But you still haven't answered this question, nor explained how your code demonstrates the difference between "the heap" and "the stack".




I cannot vouch for every compiler, only Microsoft, Sun, and Instant C
off the top of my head.  I have used a few other packages as well.  But
any really good programmer NEVER relies on system initialization.  It is
destined to fail you at bad times.

How much effort are you willing to expend to defend against potentially
buggy compilers (as opposed to undefined or implementation-defined
behaviors)?  The Intel fdiv bug would seem to prove that you should NEVER
rely on arithmetic instructions to provide the correct answer.  There's an
economic tradeoff between protecting yourself from all conceivable errors
and actually getting work done.


There is a difference between implementation differences and hardware
errors, which was the microsoft error.  They had
a bug in their silicon compiler that caused that IIRC.
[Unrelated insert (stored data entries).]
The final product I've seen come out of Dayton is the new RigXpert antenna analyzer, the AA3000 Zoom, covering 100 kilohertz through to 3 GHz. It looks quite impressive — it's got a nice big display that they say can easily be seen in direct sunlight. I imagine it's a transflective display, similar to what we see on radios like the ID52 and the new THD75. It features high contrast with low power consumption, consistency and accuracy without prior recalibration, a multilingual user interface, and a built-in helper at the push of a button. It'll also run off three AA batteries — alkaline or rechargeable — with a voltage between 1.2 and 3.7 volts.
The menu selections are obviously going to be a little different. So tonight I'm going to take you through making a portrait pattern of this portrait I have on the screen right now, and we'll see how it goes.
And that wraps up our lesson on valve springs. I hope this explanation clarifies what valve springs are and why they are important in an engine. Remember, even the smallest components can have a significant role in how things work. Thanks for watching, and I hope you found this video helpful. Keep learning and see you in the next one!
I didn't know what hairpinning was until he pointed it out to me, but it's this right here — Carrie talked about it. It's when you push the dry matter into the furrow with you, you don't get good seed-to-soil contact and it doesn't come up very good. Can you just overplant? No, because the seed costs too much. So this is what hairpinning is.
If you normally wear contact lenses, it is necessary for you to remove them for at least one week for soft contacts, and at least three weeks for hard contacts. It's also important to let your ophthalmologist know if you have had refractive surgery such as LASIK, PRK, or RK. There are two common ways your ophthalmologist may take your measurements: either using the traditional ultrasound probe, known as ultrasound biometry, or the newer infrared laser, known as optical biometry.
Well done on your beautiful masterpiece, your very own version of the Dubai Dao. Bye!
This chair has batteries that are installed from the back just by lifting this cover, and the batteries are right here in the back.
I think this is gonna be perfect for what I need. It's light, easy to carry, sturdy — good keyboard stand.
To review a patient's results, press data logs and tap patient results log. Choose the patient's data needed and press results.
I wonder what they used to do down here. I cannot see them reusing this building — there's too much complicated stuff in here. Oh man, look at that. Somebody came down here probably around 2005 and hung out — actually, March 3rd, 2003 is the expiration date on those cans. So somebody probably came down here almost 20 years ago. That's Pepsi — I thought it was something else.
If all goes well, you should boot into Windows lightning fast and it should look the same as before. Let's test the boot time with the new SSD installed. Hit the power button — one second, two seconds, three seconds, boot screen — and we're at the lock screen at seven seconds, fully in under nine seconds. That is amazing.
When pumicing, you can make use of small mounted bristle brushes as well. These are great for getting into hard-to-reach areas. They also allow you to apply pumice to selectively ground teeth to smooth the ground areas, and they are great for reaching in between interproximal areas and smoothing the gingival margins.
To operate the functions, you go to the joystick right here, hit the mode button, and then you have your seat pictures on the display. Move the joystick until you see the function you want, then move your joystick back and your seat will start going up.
I misspoke here, and said Microsoft, when I meant Intel.
I could just as easily reference some other obscure compiler bug or
implementation-defined behavior and make the same point.  The thing about
a standard is that there are clear requirements about what is
implementation-defined and what is not.  Static initialization in ISO C is
not one of those implementation-defined things.

I will concede that explicit initializations--even to default
values--might be a useful self-documentation tool.


                                    One case is as has been pointed out
here, that NULL is sometimes 0, sometimes 0x80000000, and sometimes
0xffffffff.  Even NULL as a char may be 0xFF 0xFF00 or 0x8000 depending
on the implementation.  But strings always end in a character NULL or
0x00 for 8 bit ascii, if you use GNU, Microsoft, or Sun C compilers.
They may do otherwise on some others.  It can byte (;-) you if you are
not careful.

In your source code, NULL is *always* written 0 (or sometimes (void *) 0
to indicate that it's intented to stand for a null pointer value, not a
NUL character value).  The string terminator character is *always* written
'\0'.  The machine's representation of that value is immaterial.  If you
type-pun to try to look at the actual machine's representation, your
program's behavior is undefined and you deserve what you get.  It's the
compiler's responsibility to ensure that things work as expected, no
matter what the machine's representation is.  (For example, '\0' == 0 must
return 1.)


'\0' is an escape forcing the 0, so of course this will be equal.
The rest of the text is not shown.